Pocos juristas generan tanta unanimidad profesional como Emilio Sánchez Ulled, fiscal del caso Palau. Todos, incluso el ejército de abogados con el que ha lidiado durante el juicio por el expolio de la institución, reconocen que, en pocas ocasiones, un servidor público sitúa su trabajo tan cerca de los lindes de la excelencia.
Tenía el sumario entero en la cabeza. Nada ha escapado a su control. Detrás de sus lentes de aumento, refugiado en una holgada toga que disimulaba su huesuda carcasa, el fiscal no ha lanzado ni una sola puntada sin hilo durante todo el juicio. Su escrito de acusación es lapidario. Sin duda la confesión de Fèlix Millet y Jordi Montull --más el pacto de la hija de este último con la fiscalía-- le han ayudado. Pero no sólo ha sido eso. Hace ocho años, cuando explotó el caso, se enfundó los manguitos, se ajustó las gafas y empezó a rebuscar con éxito en esos rincones de la documentación en los que nadie sin talento se fija.
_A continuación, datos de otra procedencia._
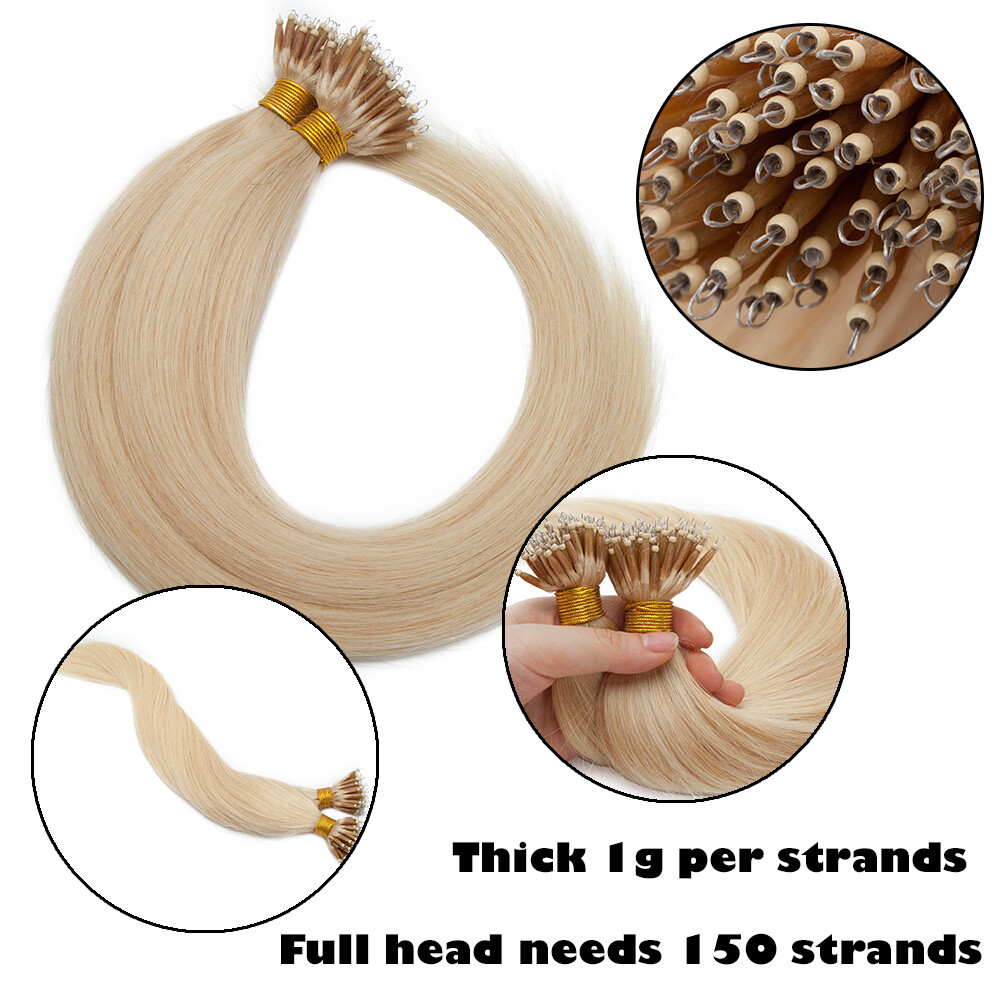 CLEARANCE Nano-Ring Tip Remy Human Hair Links Rings Loop Extensions 1g Bead L002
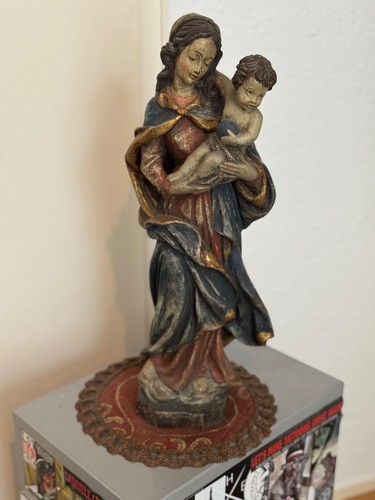 Madonna mit kind - mit, holzfigur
Su última intervención en el juicio ha sido el compendio de todo ese trabajo. El silencio en la sala tras sus cuatro horas ininterrumpidas de exposición han dejado con la boca abierta al tribunal, las defensas, al público y con la cabeza agachada a los acusados. Inapelable. Ahora deja Anticorrupción y se va a Bruselas, desde la cresta de la ola. El prestigioso jurista Carlos Jiménez Villarejo define su aportación de manera contundente: "La justicia en este país funciona, cuando funciona, por culpa de tipos como Sánchez Ulled".